There is another option. If you are out walking your dog, that means you aren’t on your way to work or to an appointment, having to be there at a certain time. Most likely, you don’t even have to walk down this street. If you are out walking your dog, you could stop and wait, and give me 30 seconds to get my feet under myself and get a good grip on the leashes. You could even turn around and go back the way you came. It’s a loop. You can go around the block one way just as easy as going the other way. You are walking your dog. It’s not like you will be penalized if your path forms a semicircle instead of a circle. But if there’s some very important reason why you absolutely have to keep going in the direction you are traveling, there is no reason in the world why you can’t just pause for 30 seconds. You could even ask your dog to sit, as I’m wrestling with my maniacs, and show me up even more. You could have your dog turn her head up and to the side a little, like she’s snubbing us, the bad dogs. I don’t mind if you judge me and think I’m horrible. Just please give me 30 seconds to get out of your way.
When I had a Good Dog, like Sidney, it never would have occurred to me to do the Good Dog March, charging right up on an out of control dog just to show how superior we were. I was very proud of walking with Sidney, and I always liked to walk along with my golden beauty, on the leash just so, with that beautiful arc in the leash like the Narrows Bridge cables. As proud as I was of my Good Dog, and as much as I like to judge people and think mean thoughts about them, I would not have marched Sidney into a potentially dangerous situation. If I saw some poor sap wrestling with his out-of-control dogs, I would give him space, not because I care about the person so much but because I care about dogs. I would not have wanted to put my Sidney in danger, and also I definitely don’t want to upset a reactive dog. I want all dogs to be happy. If I see a reactive dog who doesn’t know how to handle a social situation, I don’t want to antagonize him further and make him miserable.
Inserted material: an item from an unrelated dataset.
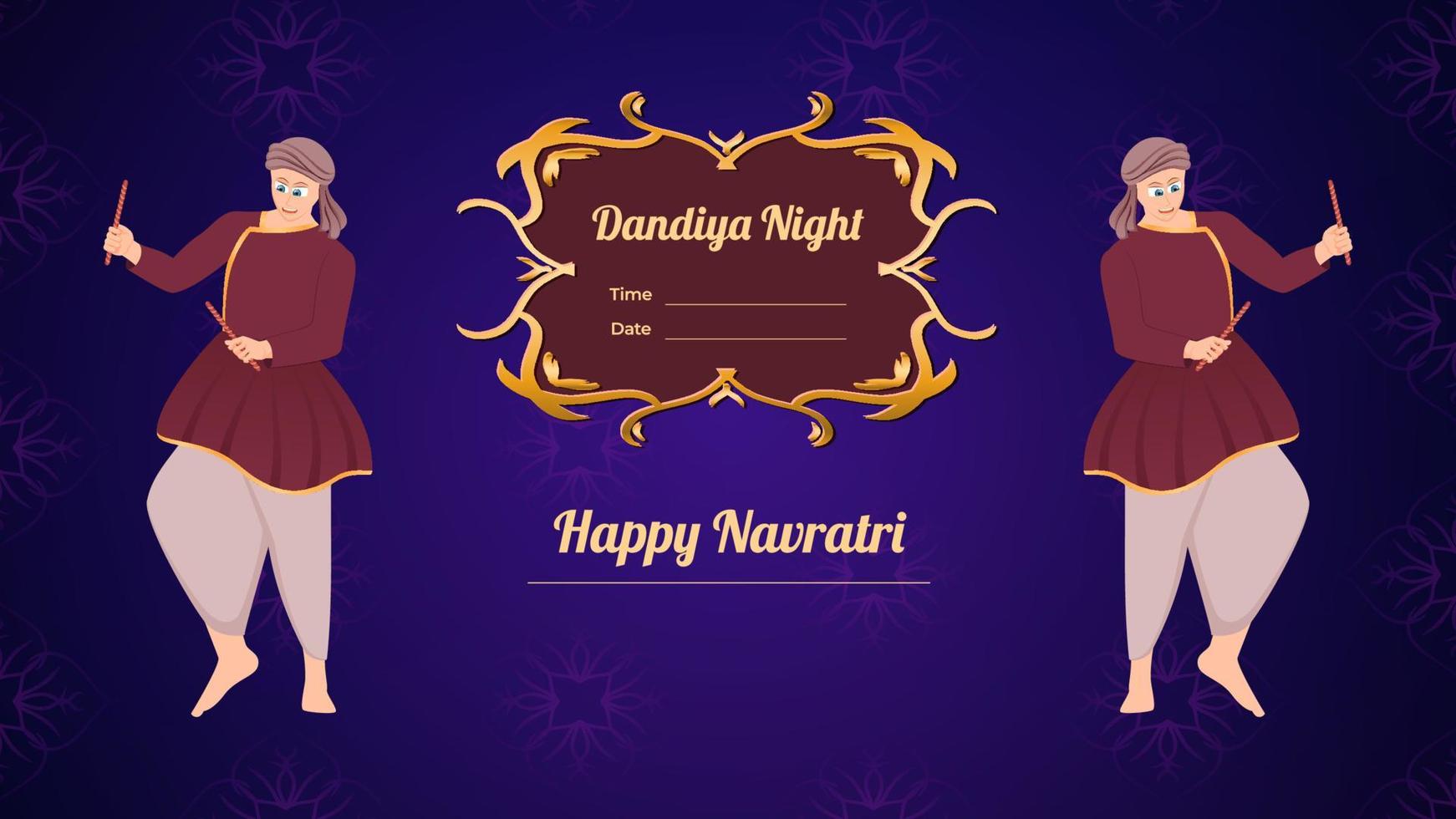 Dandiya vector banner, Happy Navratri.
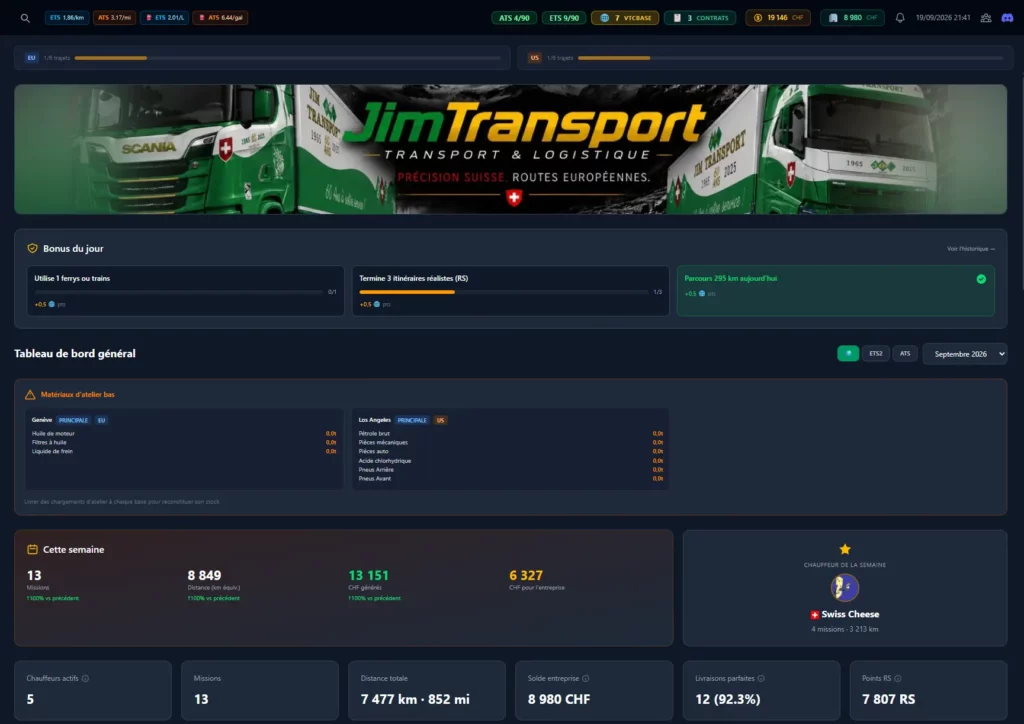 Tableau de bord VTCBase de Jim Transport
I would want that dog to be happy and give him the space to be comfortable.
The Good Dog March seems to be a reflex more than a planned antagonism. It’s like, “This is America, I have a good dog, you have bad dogs, and my good dog should not be prohibited from walking wherever we want just because you haven’t trained your dogs.” I agree with you. I don’t want to interrupt your walk with your Good Dog. Just give me 30 seconds to get out your way. Please. Don’t do it for me. Do it for your dog, and for all dogs.
I can't tell you how much I feel this, sometimes daily. Our first dog is very chill but second dog is very excitable and would react to EVERYTHING at first. He's finally calmer now (five years later) with most dogs and people, which helps. But if he sees a dog that is new to him, or worse, multiple dogs? Oh yes, please, just give me a moment to get my feet under me.
Love this. When I rescued my girl she had never been on a leash and was exuberant whenever she saw anyone else [dog or person]. Some other people with dogs were helpful and some were not. I try to emulate the helpful ones now that mine is a good [and old!] girl. It is really so easy and so kind.